HOOKS_DIR="$(git rev-parse --git-dir)/hooks"

cp hooks/* "$HOOKS_DIR"/
chmod +x "$HOOKS_DIR"/*

echo "✅ Git hooks installed."

Add to package.json:

{
  "scripts": {
    "prepare": "node scripts/install-hooks.js"
  }
}

The prepare script runs automatically after npm install.

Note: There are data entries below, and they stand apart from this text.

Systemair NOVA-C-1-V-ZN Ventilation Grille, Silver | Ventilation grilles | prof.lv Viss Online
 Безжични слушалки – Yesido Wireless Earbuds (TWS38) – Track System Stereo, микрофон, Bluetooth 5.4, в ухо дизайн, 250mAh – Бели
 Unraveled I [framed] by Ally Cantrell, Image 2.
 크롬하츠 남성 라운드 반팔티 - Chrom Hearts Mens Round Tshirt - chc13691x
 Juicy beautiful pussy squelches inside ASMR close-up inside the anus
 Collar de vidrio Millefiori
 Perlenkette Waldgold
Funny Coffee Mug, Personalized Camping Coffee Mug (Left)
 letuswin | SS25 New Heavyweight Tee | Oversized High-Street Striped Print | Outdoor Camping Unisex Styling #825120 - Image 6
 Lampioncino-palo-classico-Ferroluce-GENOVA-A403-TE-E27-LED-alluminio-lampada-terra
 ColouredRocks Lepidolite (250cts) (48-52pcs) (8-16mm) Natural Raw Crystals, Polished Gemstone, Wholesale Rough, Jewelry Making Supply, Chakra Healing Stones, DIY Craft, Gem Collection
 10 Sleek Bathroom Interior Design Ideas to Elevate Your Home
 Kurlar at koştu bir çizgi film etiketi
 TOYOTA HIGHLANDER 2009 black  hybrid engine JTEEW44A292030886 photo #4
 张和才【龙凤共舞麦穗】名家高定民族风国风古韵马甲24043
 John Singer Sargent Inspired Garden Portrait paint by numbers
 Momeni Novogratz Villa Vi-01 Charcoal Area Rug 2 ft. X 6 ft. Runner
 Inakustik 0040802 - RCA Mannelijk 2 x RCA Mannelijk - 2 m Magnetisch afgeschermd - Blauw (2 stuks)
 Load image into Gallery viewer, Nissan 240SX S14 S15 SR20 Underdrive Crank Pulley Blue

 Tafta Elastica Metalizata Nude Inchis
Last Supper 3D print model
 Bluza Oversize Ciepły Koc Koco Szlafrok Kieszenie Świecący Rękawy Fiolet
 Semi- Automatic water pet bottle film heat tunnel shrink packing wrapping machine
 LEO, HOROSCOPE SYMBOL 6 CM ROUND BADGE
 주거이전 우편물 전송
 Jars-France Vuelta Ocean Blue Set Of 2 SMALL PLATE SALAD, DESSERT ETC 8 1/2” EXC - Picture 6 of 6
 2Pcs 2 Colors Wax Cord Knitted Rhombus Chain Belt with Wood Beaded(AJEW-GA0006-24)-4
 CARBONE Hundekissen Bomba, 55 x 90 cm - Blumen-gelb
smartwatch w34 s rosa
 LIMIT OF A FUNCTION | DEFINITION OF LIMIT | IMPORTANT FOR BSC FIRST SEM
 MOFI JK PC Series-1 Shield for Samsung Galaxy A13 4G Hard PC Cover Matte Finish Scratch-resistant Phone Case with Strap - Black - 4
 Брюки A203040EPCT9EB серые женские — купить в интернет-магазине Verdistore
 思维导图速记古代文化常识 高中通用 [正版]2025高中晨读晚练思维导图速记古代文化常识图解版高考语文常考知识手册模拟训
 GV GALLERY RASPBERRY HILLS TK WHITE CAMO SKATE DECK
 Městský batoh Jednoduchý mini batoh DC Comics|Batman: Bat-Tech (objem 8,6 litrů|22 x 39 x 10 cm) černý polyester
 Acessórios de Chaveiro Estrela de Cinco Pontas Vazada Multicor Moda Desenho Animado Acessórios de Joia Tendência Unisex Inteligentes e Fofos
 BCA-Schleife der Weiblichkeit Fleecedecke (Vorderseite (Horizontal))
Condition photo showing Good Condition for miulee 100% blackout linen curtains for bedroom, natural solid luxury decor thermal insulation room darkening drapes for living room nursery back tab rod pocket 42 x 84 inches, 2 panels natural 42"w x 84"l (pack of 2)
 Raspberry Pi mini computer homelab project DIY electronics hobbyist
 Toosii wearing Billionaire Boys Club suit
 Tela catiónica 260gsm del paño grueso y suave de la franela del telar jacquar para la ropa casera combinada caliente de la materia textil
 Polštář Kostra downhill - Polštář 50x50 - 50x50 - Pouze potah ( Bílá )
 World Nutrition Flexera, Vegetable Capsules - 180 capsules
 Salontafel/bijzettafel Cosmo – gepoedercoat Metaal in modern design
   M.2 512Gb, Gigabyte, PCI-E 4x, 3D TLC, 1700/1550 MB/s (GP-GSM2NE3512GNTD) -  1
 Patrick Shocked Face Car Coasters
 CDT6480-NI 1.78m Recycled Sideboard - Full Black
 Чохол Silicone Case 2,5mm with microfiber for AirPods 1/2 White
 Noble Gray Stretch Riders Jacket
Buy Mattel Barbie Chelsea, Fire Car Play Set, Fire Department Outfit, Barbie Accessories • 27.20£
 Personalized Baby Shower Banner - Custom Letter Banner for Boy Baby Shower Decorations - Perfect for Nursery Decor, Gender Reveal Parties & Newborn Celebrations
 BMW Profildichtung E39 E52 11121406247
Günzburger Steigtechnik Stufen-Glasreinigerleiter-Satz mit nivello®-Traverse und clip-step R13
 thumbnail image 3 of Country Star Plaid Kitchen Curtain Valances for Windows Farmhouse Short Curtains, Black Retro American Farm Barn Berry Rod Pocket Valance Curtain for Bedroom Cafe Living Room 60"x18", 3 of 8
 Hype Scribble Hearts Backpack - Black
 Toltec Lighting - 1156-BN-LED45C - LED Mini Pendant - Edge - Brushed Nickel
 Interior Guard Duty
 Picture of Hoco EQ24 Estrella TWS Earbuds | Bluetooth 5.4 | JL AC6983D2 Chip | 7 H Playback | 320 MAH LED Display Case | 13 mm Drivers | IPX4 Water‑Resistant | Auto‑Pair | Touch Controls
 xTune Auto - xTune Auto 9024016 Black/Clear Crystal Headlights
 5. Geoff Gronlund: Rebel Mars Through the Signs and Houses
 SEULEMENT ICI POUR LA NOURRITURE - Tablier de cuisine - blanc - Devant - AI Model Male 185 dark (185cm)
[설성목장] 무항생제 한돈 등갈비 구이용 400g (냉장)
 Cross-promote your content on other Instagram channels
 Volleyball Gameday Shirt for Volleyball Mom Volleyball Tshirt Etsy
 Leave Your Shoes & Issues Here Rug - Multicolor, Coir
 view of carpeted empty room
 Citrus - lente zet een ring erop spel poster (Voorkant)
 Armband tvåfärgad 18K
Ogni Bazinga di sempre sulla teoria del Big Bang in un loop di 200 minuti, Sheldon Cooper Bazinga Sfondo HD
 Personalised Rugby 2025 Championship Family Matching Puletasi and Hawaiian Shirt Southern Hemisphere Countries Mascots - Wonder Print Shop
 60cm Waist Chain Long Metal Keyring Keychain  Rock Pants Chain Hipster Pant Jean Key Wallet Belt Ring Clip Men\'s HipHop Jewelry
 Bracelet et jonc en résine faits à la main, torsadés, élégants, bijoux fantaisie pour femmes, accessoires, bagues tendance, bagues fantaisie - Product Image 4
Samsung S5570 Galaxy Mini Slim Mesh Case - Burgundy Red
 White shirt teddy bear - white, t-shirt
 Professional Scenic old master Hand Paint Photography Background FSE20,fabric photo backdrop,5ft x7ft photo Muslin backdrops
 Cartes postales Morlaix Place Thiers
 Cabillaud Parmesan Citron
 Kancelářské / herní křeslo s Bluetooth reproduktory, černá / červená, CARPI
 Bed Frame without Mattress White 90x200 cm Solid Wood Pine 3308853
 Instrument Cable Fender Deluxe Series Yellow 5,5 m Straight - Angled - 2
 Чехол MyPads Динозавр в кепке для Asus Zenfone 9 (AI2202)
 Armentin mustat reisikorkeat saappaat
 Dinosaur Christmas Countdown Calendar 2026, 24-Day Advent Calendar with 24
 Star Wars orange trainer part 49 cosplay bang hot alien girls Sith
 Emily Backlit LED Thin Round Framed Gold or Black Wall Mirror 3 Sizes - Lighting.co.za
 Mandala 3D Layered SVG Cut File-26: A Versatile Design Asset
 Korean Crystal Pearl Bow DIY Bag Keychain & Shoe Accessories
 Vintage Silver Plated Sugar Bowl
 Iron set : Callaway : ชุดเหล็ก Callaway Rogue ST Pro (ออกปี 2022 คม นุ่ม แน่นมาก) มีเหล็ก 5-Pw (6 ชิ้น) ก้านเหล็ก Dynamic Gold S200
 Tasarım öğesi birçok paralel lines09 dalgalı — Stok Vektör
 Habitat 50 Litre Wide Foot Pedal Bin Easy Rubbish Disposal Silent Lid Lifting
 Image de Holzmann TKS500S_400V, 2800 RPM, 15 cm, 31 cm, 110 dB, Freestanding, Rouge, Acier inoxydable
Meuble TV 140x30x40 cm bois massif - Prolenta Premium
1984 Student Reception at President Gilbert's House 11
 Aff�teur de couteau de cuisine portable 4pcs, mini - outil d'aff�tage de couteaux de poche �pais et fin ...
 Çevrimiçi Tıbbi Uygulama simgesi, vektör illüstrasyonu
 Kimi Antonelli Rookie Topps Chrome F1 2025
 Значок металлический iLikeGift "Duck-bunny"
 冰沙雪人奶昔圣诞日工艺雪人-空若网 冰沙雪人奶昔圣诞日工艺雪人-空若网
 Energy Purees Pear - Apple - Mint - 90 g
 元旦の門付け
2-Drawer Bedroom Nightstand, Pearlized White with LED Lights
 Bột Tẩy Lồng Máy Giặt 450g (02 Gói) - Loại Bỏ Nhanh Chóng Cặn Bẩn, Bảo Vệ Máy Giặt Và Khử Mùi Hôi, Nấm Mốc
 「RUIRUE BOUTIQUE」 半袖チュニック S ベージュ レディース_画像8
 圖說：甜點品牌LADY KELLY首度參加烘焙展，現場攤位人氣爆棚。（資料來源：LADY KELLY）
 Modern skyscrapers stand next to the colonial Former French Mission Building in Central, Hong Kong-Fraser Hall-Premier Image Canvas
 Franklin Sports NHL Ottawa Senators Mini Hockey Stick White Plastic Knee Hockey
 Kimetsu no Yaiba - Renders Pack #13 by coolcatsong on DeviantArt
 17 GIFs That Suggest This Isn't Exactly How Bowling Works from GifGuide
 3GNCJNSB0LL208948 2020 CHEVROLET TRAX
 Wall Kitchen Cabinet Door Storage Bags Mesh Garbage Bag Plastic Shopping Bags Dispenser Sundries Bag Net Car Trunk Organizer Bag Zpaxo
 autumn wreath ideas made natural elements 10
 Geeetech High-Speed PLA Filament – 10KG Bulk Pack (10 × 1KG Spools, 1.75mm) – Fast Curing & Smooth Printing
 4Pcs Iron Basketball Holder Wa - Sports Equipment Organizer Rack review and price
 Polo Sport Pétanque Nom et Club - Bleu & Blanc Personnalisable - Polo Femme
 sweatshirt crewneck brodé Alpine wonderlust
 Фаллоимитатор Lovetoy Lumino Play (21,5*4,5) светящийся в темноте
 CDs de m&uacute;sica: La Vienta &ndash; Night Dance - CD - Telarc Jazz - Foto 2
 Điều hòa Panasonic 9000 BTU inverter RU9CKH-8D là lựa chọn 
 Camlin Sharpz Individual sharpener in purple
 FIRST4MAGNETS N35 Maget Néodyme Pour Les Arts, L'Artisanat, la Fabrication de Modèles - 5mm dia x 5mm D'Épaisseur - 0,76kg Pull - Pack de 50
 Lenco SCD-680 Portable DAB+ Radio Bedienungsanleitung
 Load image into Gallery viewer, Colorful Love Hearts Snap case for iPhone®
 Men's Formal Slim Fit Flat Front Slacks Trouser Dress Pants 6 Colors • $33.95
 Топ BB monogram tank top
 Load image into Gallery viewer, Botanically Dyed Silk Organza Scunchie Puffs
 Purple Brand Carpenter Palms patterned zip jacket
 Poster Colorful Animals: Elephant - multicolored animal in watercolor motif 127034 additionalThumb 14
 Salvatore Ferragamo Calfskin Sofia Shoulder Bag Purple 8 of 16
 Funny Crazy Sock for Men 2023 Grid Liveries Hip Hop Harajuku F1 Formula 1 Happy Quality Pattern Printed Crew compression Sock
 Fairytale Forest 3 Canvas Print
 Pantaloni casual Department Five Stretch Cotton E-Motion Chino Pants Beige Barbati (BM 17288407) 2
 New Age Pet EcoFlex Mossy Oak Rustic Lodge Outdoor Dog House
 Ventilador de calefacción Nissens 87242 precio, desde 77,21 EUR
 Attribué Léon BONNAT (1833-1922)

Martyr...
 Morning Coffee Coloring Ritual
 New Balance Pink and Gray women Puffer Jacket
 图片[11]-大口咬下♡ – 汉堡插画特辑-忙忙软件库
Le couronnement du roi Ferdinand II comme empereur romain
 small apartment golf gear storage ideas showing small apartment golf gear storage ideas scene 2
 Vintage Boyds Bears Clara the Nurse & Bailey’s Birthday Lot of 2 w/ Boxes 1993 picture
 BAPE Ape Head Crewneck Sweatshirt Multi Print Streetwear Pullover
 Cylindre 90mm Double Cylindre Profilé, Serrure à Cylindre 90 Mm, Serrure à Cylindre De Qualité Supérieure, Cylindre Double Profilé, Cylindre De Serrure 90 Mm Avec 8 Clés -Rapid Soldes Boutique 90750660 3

Method 3: Third-Party Tools

Husky: Popular Node.js tool for managing Git hooks via package.json
pre-commit: Python-based framework with a large collection of hooks
lefthook: Fast, cross-platform hook manager written in Go
simple-git-hooks: Lightweight alternative to Husky

Hook Limitations

Local only: Client-side hooks run only on the local machine. They are not enforced on other developers' machines or on the server.
No arguments for some hooks: Some hooks (like post-commit) receive no arguments at all.
Can be bypassed: Developers can skip hooks using git commit --no-verify or git push --no-verify.
Performance: Slow hooks can significantly slow down commit and push operations.
Environment dependency: Hooks that depend on specific tools (linters, compilers) may fail if those tools are not installed.

Best Practices

Keep hooks fast: Pre-commit hooks should run in under a second. Use incremental linting instead of full project scans.
Use server-side hooks for enforcement: Client-side hooks are conveniences; server-side hooks are enforcement.
Provide clear error messages: When a hook blocks an operation, explain exactly what went wrong and how to fix it.
Allow bypassing when needed: Use --no-verify for emergency commits, but document when it's appropriate.
Test hooks: Include hooks in your CI pipeline to ensure they work correctly.
Version your hooks: Keep hooks in a tracked directory so changes are reviewed in PRs.

Summary

Hook	Side	When	Can Abort?
`pre-commit`	Client	Before commit	Yes
`commit-msg`	Client	After message entry	Yes
`post-commit`	Client	After commit	No
`pre-push`	Client	Before push	Yes
`pre-receive`	Server	Before ref update	Yes
`update`	Server	Per ref update	Yes
`post-receive`	Server	After ref update	No

Git hooks are a powerful mechanism for automating and enforcing workflows. Use client-side hooks for developer convenience (linting, formatting) and server-side hooks for policy enforcement (branch protection, signed commits). Always provide clear error messages and allow reasonable bypass options for edge cases.